My first article on this blog was about men‘s criteria for choosing a dance partner. I pointed out, that there seems to be a general tendency to select young, good looking women. But I also found, that there was a group young Milongueros, who go rather for dance experience and dance with women of all ages. The article caused strong negative reactions by some men and very affirmative reactions by women.
Now I made some more observations on the topic „Tango & Age“.
One of the great advantages of Tango is, that it does not depend on being athletic or young. Tango is a social dance and people of all age groups can dance it. That‘s great and in my first Tango years, I used to praise the unifying effect of Tango events: young and old people, dancers of different social backgrounds would dance to the same music, visit the same Milongas, be friends, learn from each other... at least in the more „traditional“ Tango communities or Milongas.

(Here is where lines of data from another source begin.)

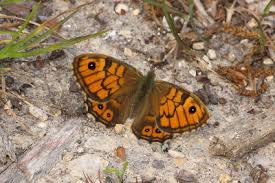 Attēlu rezultāti vaicājumam “Lasiommata megera”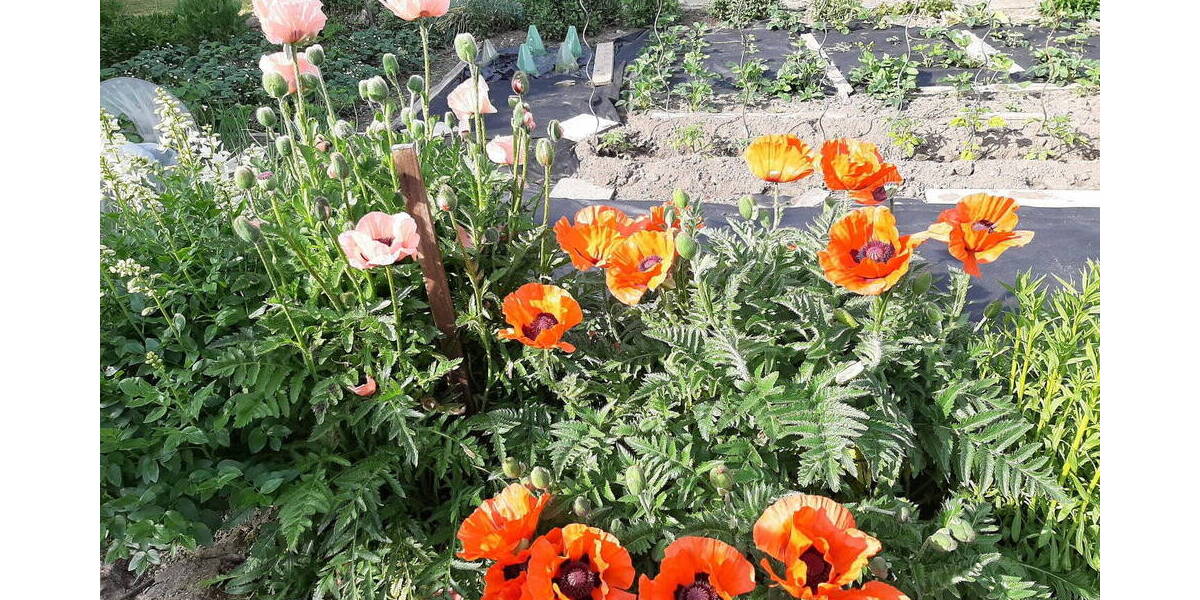 Einfamilienhaus St. Egidien - 1 Zimmer, 329 m&sup2;, 530.000&euro; | Angebot:26015835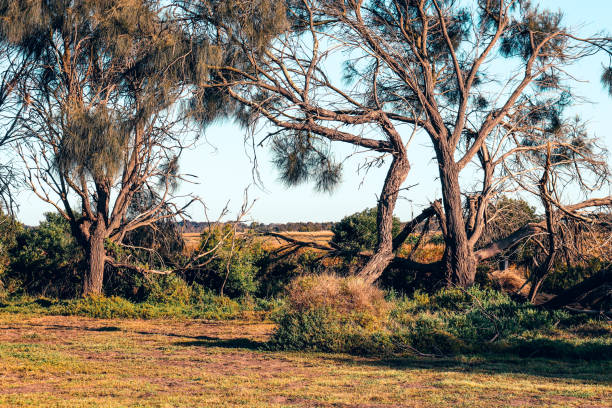 istock coastal tree landscape in morning sunlight 1811043373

And even better: In Tango „old age“ seems to be connected to wisdom and dance skills. Maybe this is only a relic of an archaic model of society with all generations living together, but I like the idea.
It is nevertheless common knowledge, that young(er) dancers cluster in the big cities with universities and at Milongas that tend to be nuevo-ish. Also Tango Marathons do have a relatively young clientele. It is very understandable, that the „young and beautiful“ band together, sharing the same ideas about music, movement and interaction off the dancefloor. But so far, I only connected this phenomenon to the Nuevo environment.

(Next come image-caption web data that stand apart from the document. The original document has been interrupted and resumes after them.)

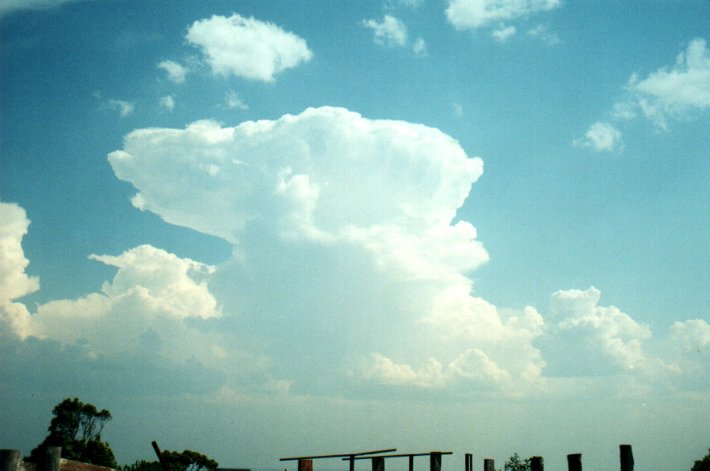 anvil thunderstorm_anvils : Tregeagle, NSW   27 September 2000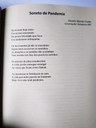 Soneto da Pandemia - de Daniela Martins Cunha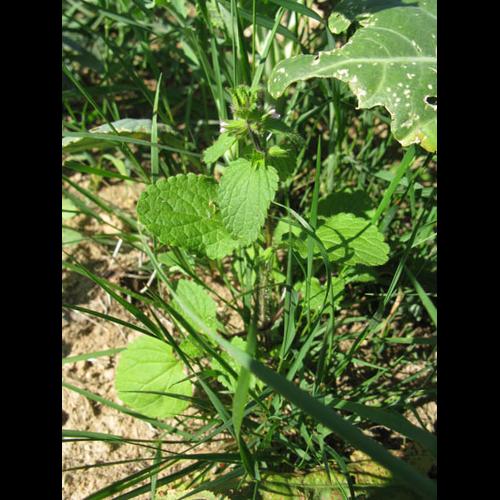 Stachys arvensis © MOREL A.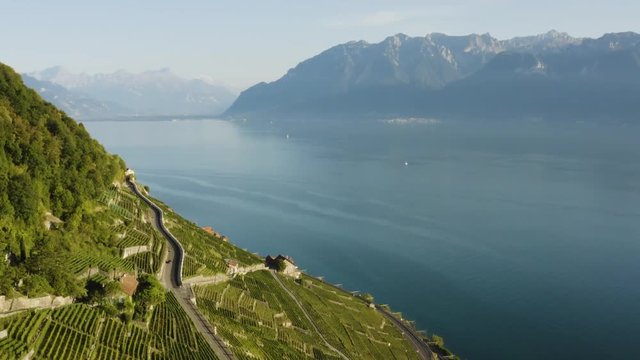 Flying high above steepest part of Lavaux and Lake L&radic;&copy;man
The Alps in the background
Lavaux - Switzerland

Now I am surprised to find, that a similar process of differentiation seems to be happening in the „traditional“ setting as well.
A couple of months ago, a young Milonguera told me about her experiences at a Tango festival. She obviously did not like it a lot, because most of the dancers were using open embrace and focussing rather on big movements than on social dancing. Also Cabeceo and Mirada were difficult. She had heard about an off-festival Milonga organised by some visiting dancers and decided to check it out. But when she got there, she was disappointed: These people were obviously not very good dancers and they were so OLD! She said that last word with a tone of utter disgust that really shocked me.

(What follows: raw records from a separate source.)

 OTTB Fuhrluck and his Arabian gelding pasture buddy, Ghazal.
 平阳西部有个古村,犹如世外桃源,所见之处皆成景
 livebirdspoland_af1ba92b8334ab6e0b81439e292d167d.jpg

I cannot blame her - she wants to be amongst people of her age. But what became of the unifying effect of Tango and respect of old age in Tango? Does that apply only to old Argentine Maestros and „old Milongueros“ in BA?
Since then, I‘ve been consciously watching the Milonguero/Salón scene and noticed, that „young and cool“ events develop all over Europe. Our „Festivalito con Amigos“ is no exception: the average age of this years event was definitely lower than in the last years. And most of the dancers came by personal invitation. Does that mean, that I also start choosing my Tango friends by age? Nah... I don‘t think so. There were still lots of dancers of all generations, embracing each other on the dancefloor. It's just that there were more people overall and the additional ones where younger. :-)
But there is a general tendency amongst the young people in the „traditional“ environment to cluster. You can clearly watch this phenomenon in Buenos Aires, where „young“ Milongas budded in the last years. There are so many dancers in their early 20‘s... They still meet the other generations at the „Sunderland“ or „Cachirulo“, but do many older dancers visit the new Milongas? And are they welcome? I haven‘t been to BA so often in the last years, that I could judge.
Maybe there‘s no reason to worry: A „rejuvenation“ of the Milongas does not have to be a result of the „not-so-young-ones“ being rejected. It might just be due to the fact, that more young people like to dance in close embrace and that‘s good. And if they form their own clubs, that‘s totally normal as well!
But then again, I think of that young woman and wonder: When will I be „too old“ for the young people? Currently, Detlef and I can be described as middle-aged. We are accepted by people of all generations and are invited to dance or teach at the „cool“ Milonguero events. But what about 15 years from now - provided that we still dance and teach Tango? Will we then be respected as „old Maestros“ or merely be „uncool“? Will I be still able to choose my partners amongst men of all ages or will I dance in a senior residence with people of my age group?
Do not misunderstand me: I‘m not fishing for compliments or self-affirmation. A more radical age discrimination may still work out for me: When all my Tango friends are too old to move, we‘ll simply stand and embrace to the music!
But it would be sad for Tango. Would it not?